Method to save the calculated feature values in performance_db.

Parameters:

• save_into

  (Literal['all', 'performance_db'] | None, default: None ) –

  Argument that will be passed to the method "save". The options are: - "all": The feature will be saved in performance_db and bazefield. - "performance_db": the feature will be saved only in performance_db. - None: The feature will not be saved.

  By default None.

• **kwargs

  (dict, default: {} ) –

  Not being used at the moment. Here only for compatibility.

Source code in echo_energycalc/feature_calc_core.py

def save(
    self,
    save_into: Literal["all", "performance_db"] | None = None,
    **kwargs,  # noqa: ARG002
) -> None:
    """
    Method to save the calculated feature values in performance_db.

    Parameters
    ----------
    save_into : Literal["all", "performance_db"] | None, optional
        Argument that will be passed to the method "save". The options are:
        - "all": The feature will be saved in performance_db and bazefield.
        - "performance_db": the feature will be saved only in performance_db.
        - None: The feature will not be saved.

        By default None.
    **kwargs : dict, optional
        Not being used at the moment. Here only for compatibility.
    """
    # checking arguments
    if not isinstance(save_into, str | type(None)):
        raise TypeError(f"save_into must be a string or None, not {type(save_into)}")
    if isinstance(save_into, str) and save_into not in ["all", "performance_db"]:
        raise ValueError(f"save_into must be 'all', 'performance_db' or None, not {save_into}")

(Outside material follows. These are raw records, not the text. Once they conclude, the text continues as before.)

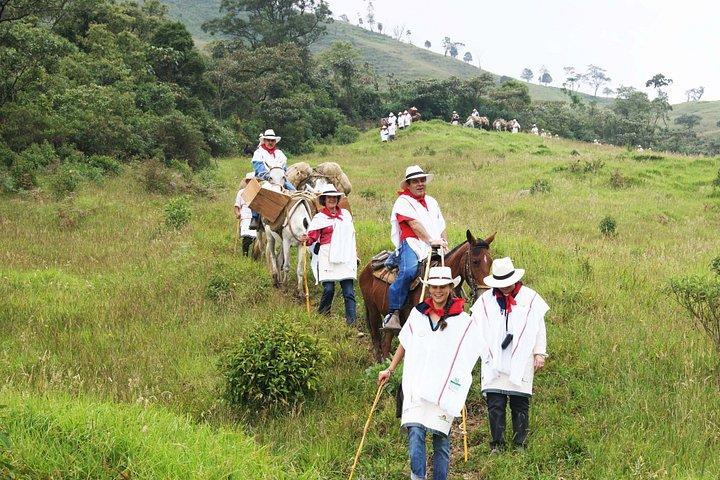 Visite du café à cheval et déjeuner à Medellin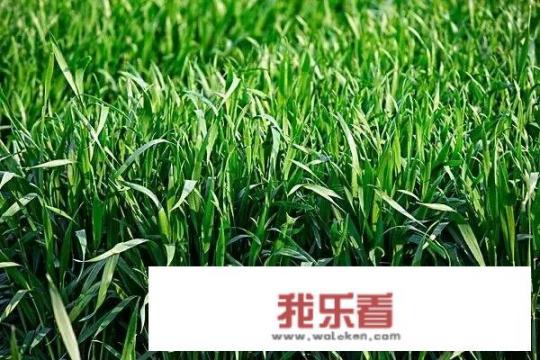 吃什么补脂肪最快？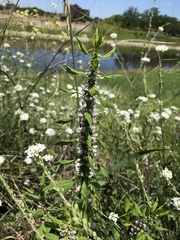 Leonurus cardiaca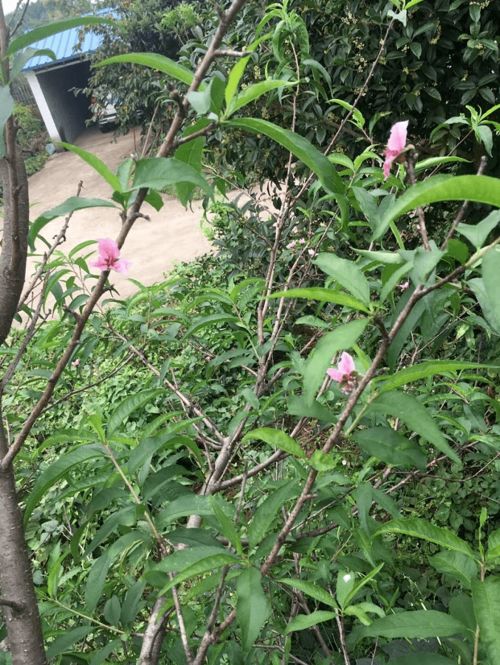 今年的这个季节,很适合吃点西洋参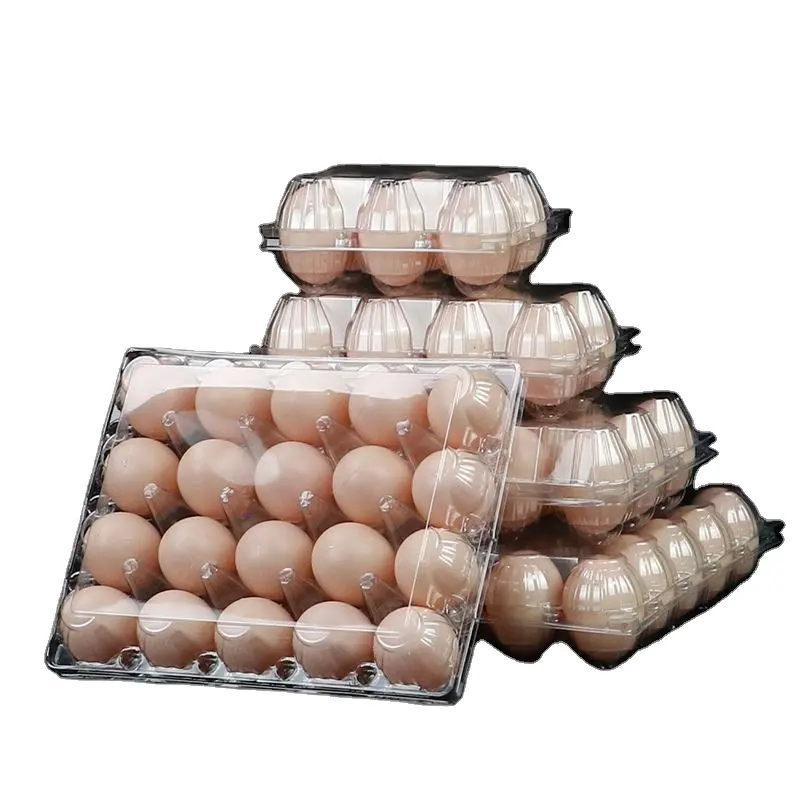 도매 모양의 플라스틱 계란 홀더 염색 트레이 공예
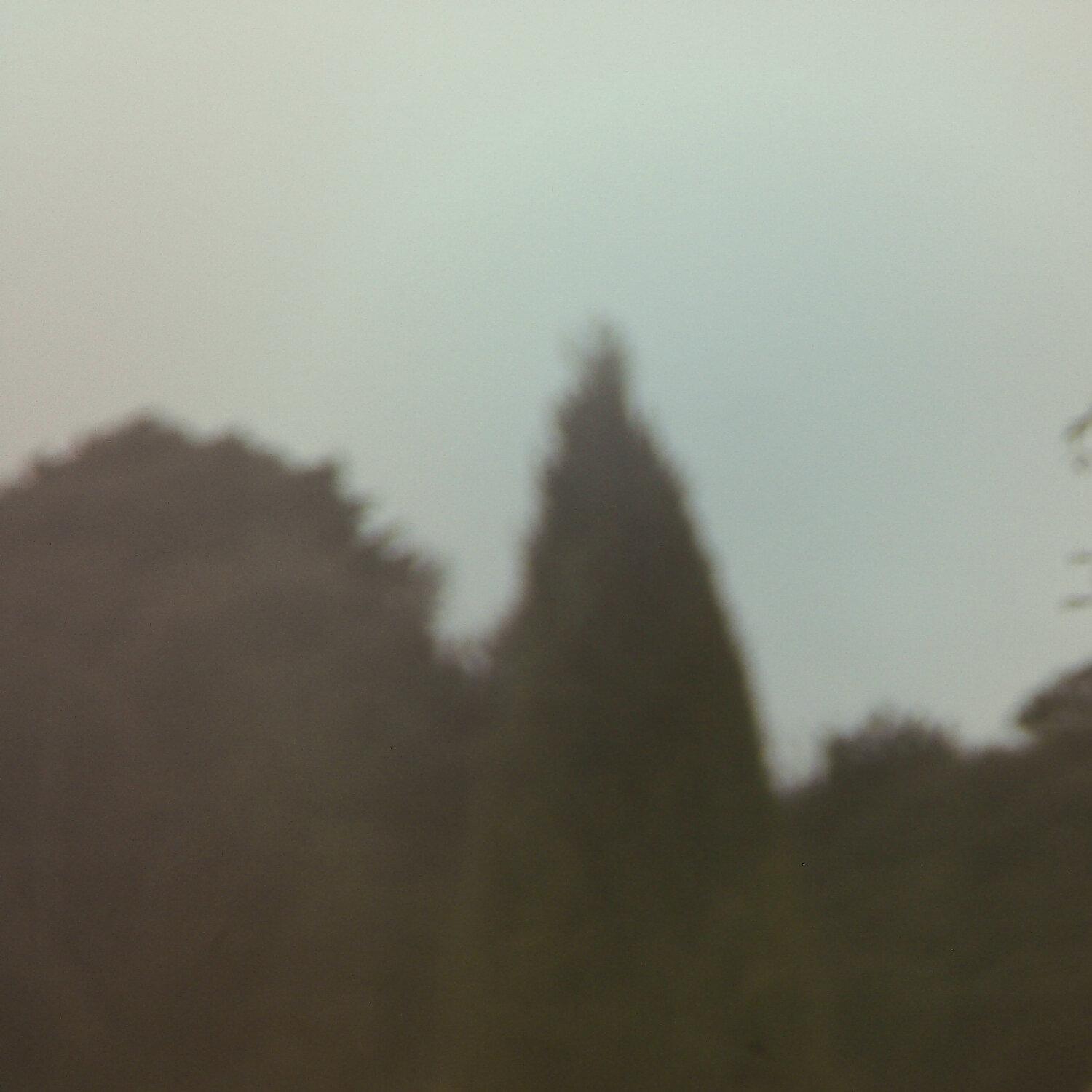 A photo captured from the webcam at the time the audio was recorded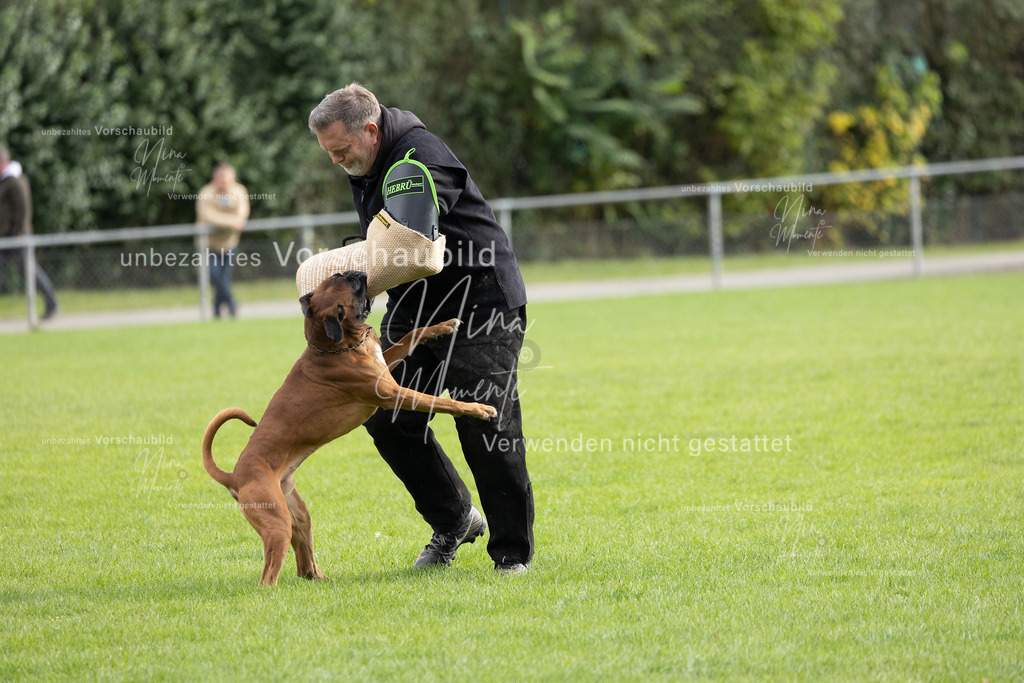 _16A7080 | Einzigartige Fotos von Hunden & Menschen –Actionfotos, Portraits, Vereinsaufnahmen & Paarshootings – authentisch, lebendig & mit Herz.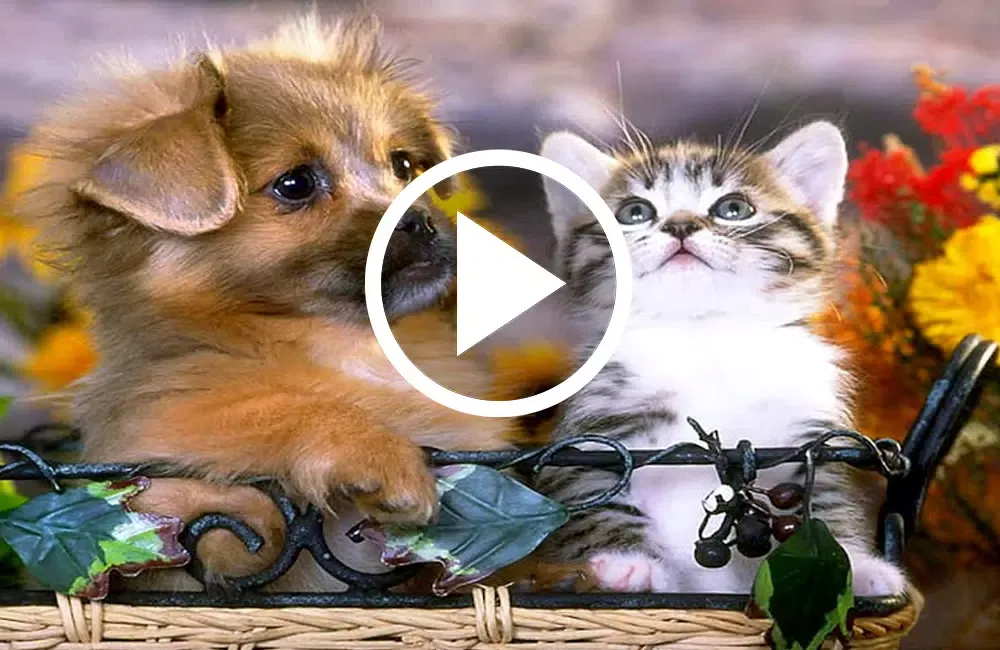 Animals : Ringtones & Sounds Screenshots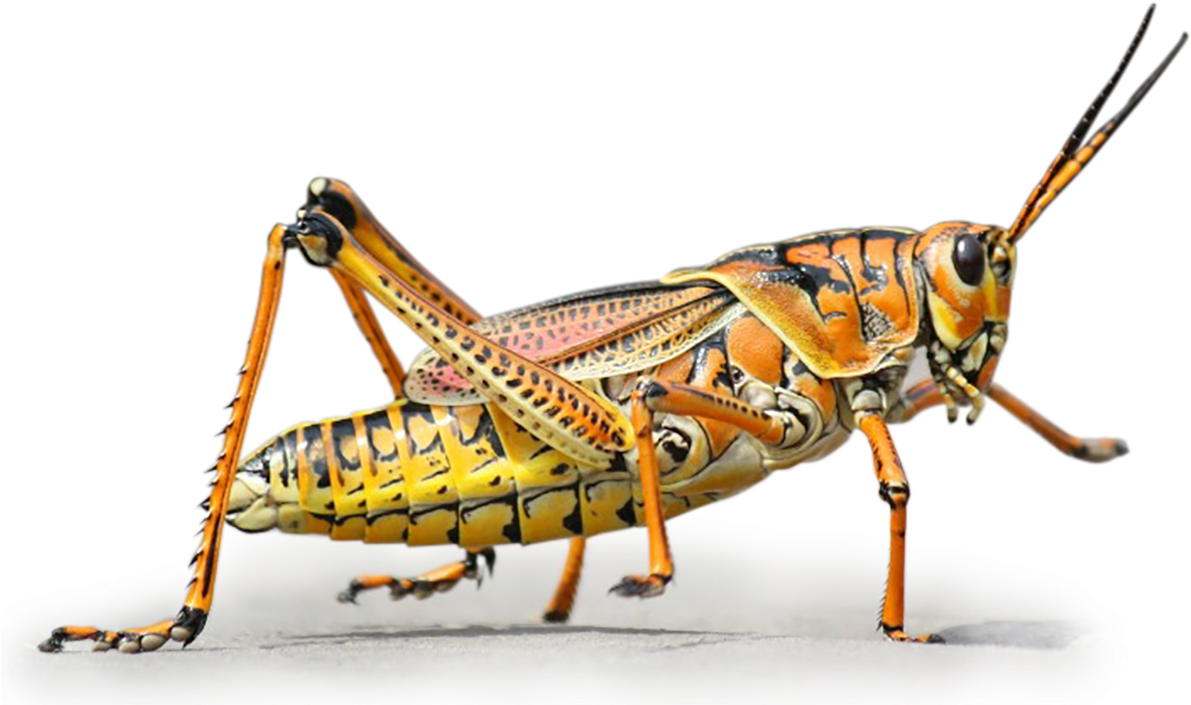 Colorful Grasshopper Side View PNG Image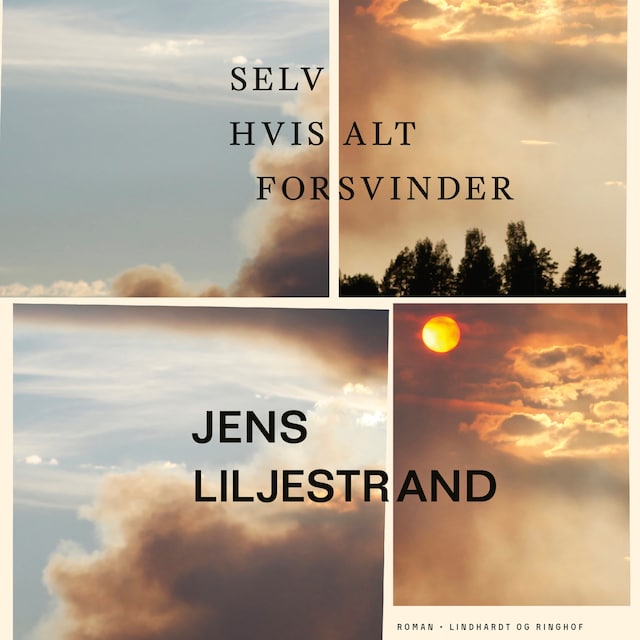 Mientras todo arde - Jens Liljestrand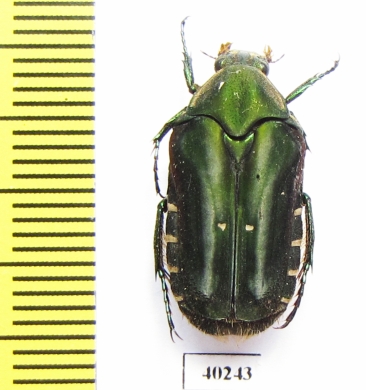 Eumacronota ludekingi  Indonesia, Sumatra - INSECTS-STORE.RU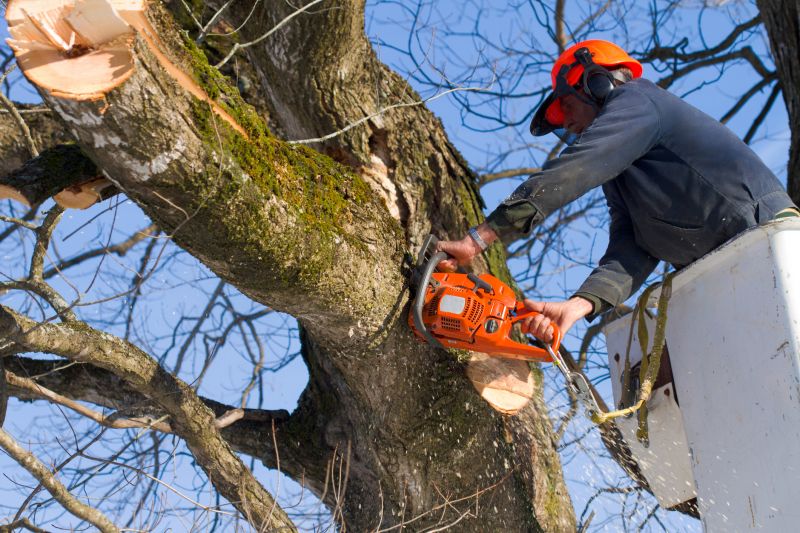 Tree Removal Specialists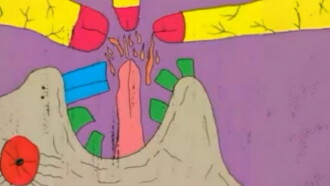 Flaming Nipples Trailer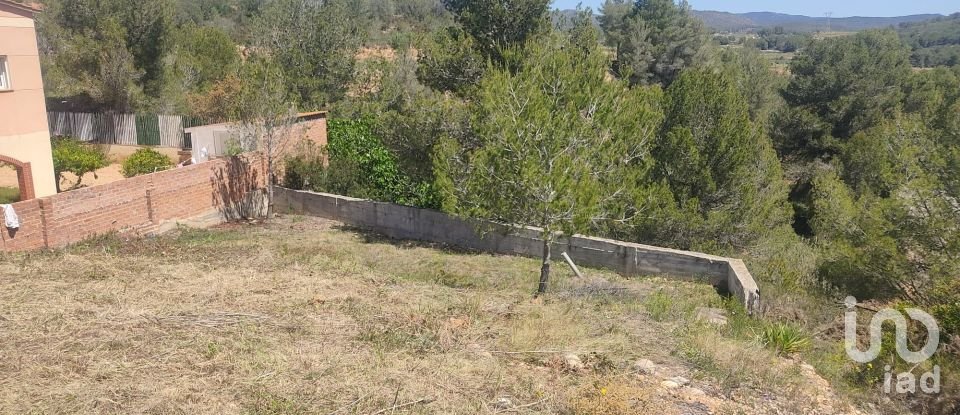 Terra de 274 m² a La Bisbal del Penedès (43717)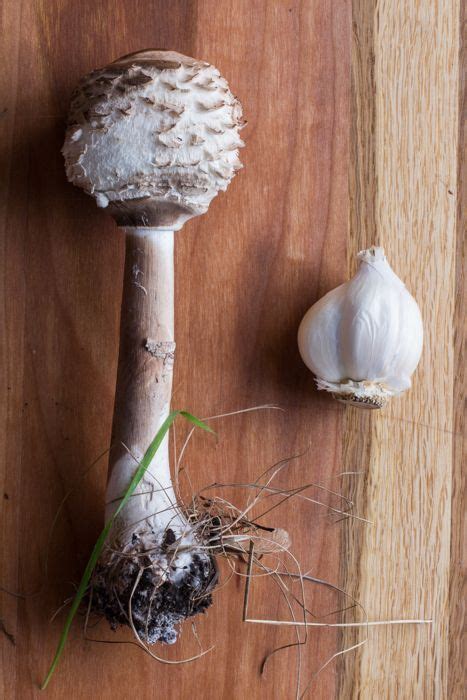 The Shaggy Parasol Mushroom | Recipe | Stuffed mushrooms, Shaggy, Foraging recipes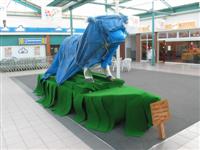 EKZ-KiTa-Kuh-1 EKZ-KiTa-Kuh-1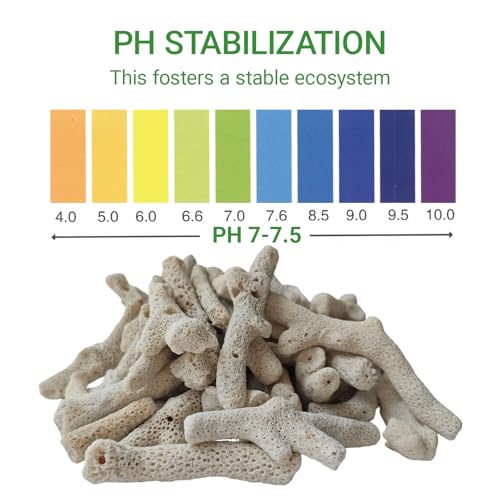 1.1lb/500g Crushed Coral, Natural Fish Tank Crushed Coral, Crushed Coral Filter for Freshwater Aquarium Ph Aquarium Bio Filter Media Bag Reusable Aquarium Filter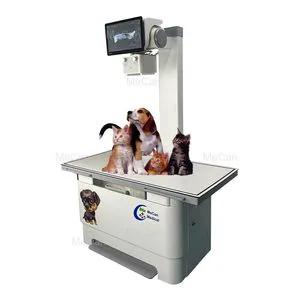 Medical Veterinary Supplies Digital Radiography Stationary Dr X-ray Imaging Veterinarian Fixed Equipment X Ray Machine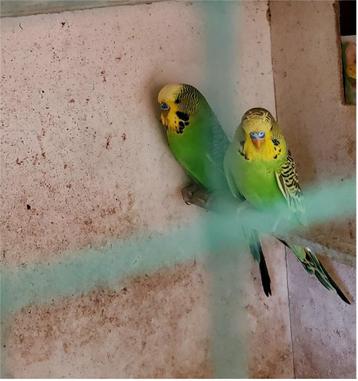 2 groene mannelijke parkieten beschikbaar voor biedingen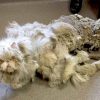 Мужчина забрал персидского кота, которого никогда не мыли и не чесали. Как кот выглядит сейчас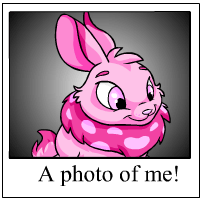 https://images.neopets.com/template_images/cybunny_pink_me.gif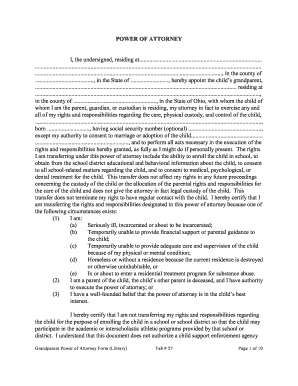 Grandparent Power of Attorney Form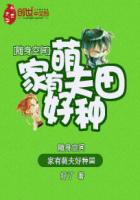 最近日本韩国高清免费大全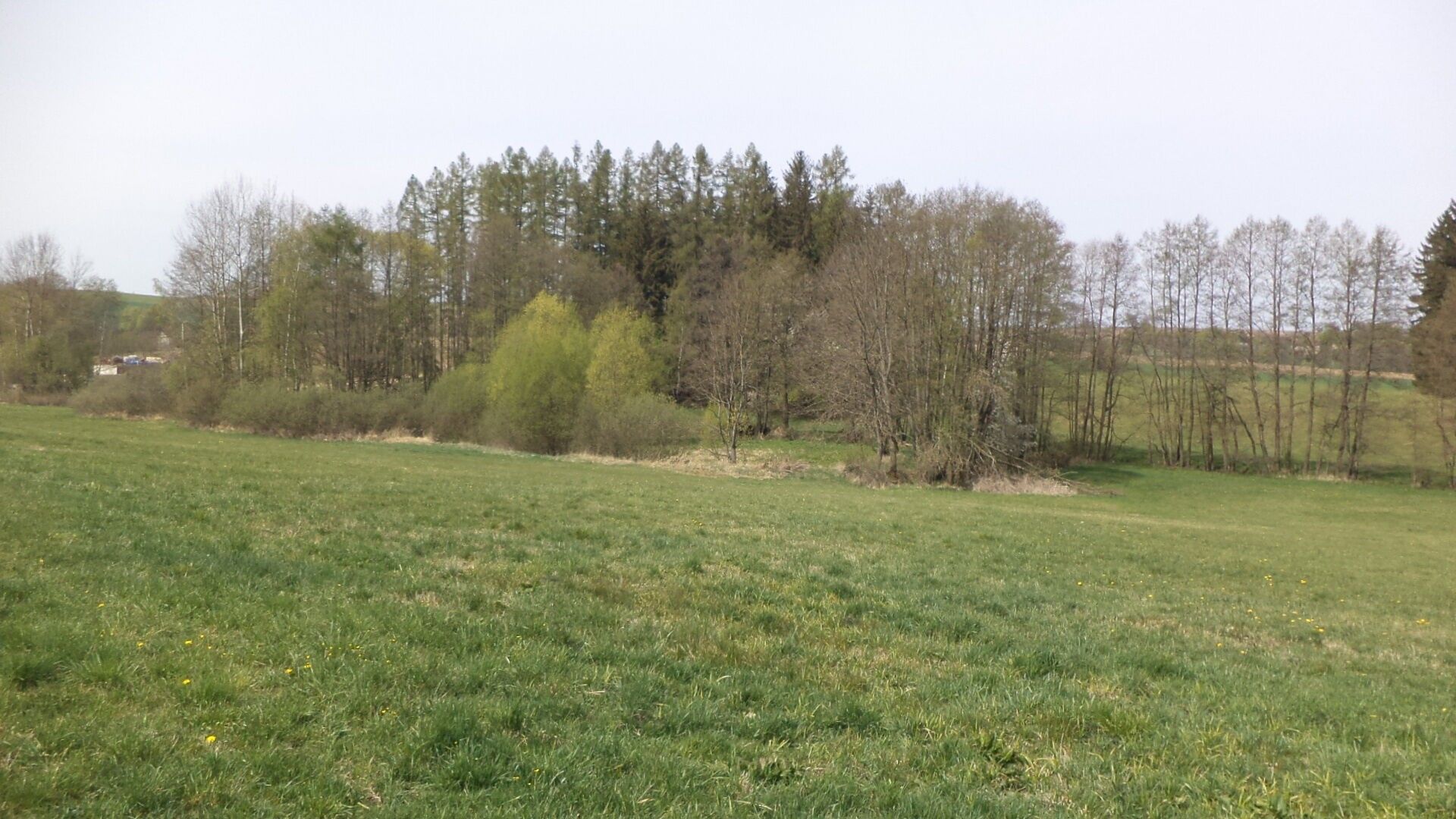 Prodej zemědělský pozemek - Mezno Stupčice, 8 388 m² - 5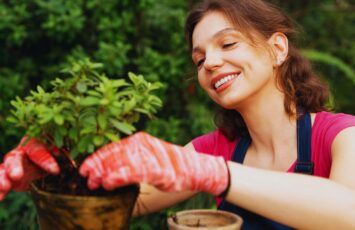 ¿Cuánto cuesta hacer un jardín? Guía práctica y económica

    # checking if calculation was done
    if self.result is None:
        raise ValueError(
            "The calculation was not done. Cannot save the feature calculation results. Please make sure to do something like 'self._result = df[self.feature].copy()' in the method 'calculate' before calling 'self.save()'.",
        )

    if save_into is None:
        return

    if isinstance(save_into, str):
        if save_into not in ["performance_db", "all"]:
            raise ValueError(f"save_into must be 'performance_db' or 'all', not {save_into}.")
        upload_to_bazefield = save_into == "all"
    elif save_into is None:
        upload_to_bazefield = False
    else:
        raise TypeError(f"save_into must be a string or None, not {type(save_into)}.")

    # converting result series to DataFrame if needed
    if isinstance(self.result, Series):
        result_df = self.result.to_frame()
    elif isinstance(self.result, DataFrame):
        result_df = self.result.droplevel(0, axis=1)
    else:
        raise TypeError(f"result must be a pandas Series or DataFrame, not {type(self.result)}.")

    # adjusting DataFrame to be inserted in the database
    # making the columns a Multindex with levels object_name and feature_name
    result_df.columns = MultiIndex.from_product([[self.object], result_df.columns], names=["object_name", "feature_name"])

    self._perfdb.features.values.series.insert(
        df=result_df,
        on_conflict="update",
        bazefield_upload=upload_to_bazefield,
    )

soiling_ratio_adjusted(df)

Calculate and store adjusted soiling ratio in bazefield.

This method processes the soiling data, detects events, interpolates clean values, and stores the result in bazefield for later use.

Parameters:

• df

  (DataFrame) –

  Input dataframe with soiling sensor data.

Source code in echo_energycalc/solar_energy_loss_soiling.py

def soiling_ratio_adjusted(self, df: DataFrame) -> None:
    """
    Calculate and store adjusted soiling ratio in bazefield.

    This method processes the soiling data, detects events, interpolates
    clean values, and stores the result in bazefield for later use.

    Parameters
    ----------
    df : DataFrame
        Input dataframe with soiling sensor data.
    """
    baze = Baze()

    interpolated_ratio = self._calculate_soiling_ratio_brr(df) if "BRR" in self.object else self._calculate_soiling_ratio_rbg(df)

    # Create MultiIndex columns for bazefield insertion
    columns = MultiIndex.from_tuples(
        [(self._weather_station, "SoilRateAdjusted_1d.AVG")],
        names=["object_name", "point"],
    )

    # Insert data into bazefield
    data = DataFrame(
        data=interpolated_ratio.tolist(),
        index=interpolated_ratio.index,
        columns=columns,
    )
    baze.points.values.series.insert(data=data)